IL DISACCORDO TRA GLI EREDI
Non è affatto raro che uno degli eredi contesti il valore dei beni assegnato da un altro, a seconda della convenienza personale. La difficoltà di trovare un accordo sul valore degli immobili è insita nella natura stessa dell’operazione divisionale, che deve comporre interessi spesso contrastanti, in quanto se taluno degli eredi ha interesse ad acquistare l’altrui quota, spera di farlo a un prezzo basso, mentre dall’altra parte chi ha interesse a vendere la sua quota confida in una valutazione superiore. Il disaccordo può coinvolgere anche l’aspetto della gestione del bene, relativamente alla contribuzione cui tutti sono tenuti rispetto alle spese di manutenzione dei beni. Ma può interessare anche l’aspetto del possesso dei beni, perché molto spesso almeno un immobile è goduto esclusivamente da uno degli eredi, senza la possibilità di fatto per gli altri di fare altrettanto o di mettere a reddito il bene, offrendolo in locazione a terzi. In tutti questi casi, in difetto di accordo, si dovrà iniziare una causa di divisione, che è l’unica soluzione che porterà sicuramente a un risultato utile per il coerede che intenda porre fine alla situazione di promiscuità dei beni caduti in successione.
DIFFERENZA CON LA DIVISIONE DI IMMOBILI
L’istituto della divisione ereditaria differisce da quello della divisione ordinaria, chiamata anche divisione immobiliare, in quanto la prima ha ad oggetto l’intero patrimonio del defunto, mentre la seconda agisce su un singolo bene.

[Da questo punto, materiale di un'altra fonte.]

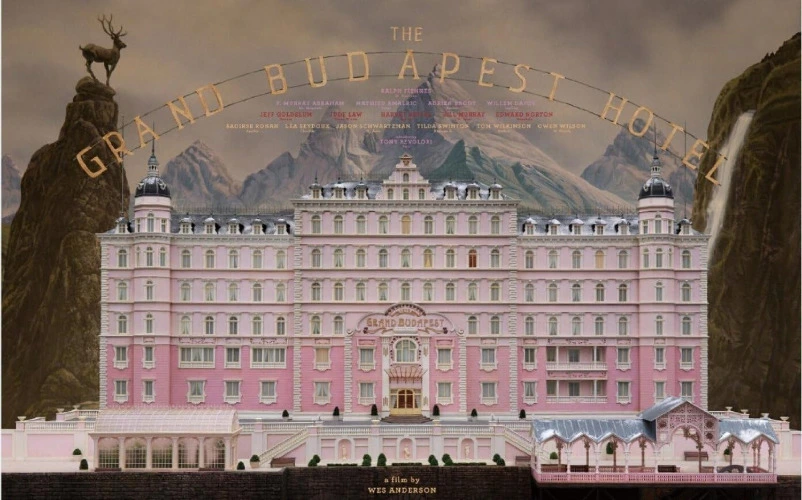 Grand Budapest Hotel Poster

Ciò che invece accomuna le due situazioni è la comproprietà, per cui i problemi pratici che sorgono nelle due ipotesi sono simili, perché di solito riguardano la difficoltà di gestione in comune dei beni e la pretesa di uno o più eredi di ottenere la proprietà esclusiva per poter vendere il bene o goderne senza l’interferenza altrui (specie per la ritrosia a corrispondere i contributi per le spese comuni).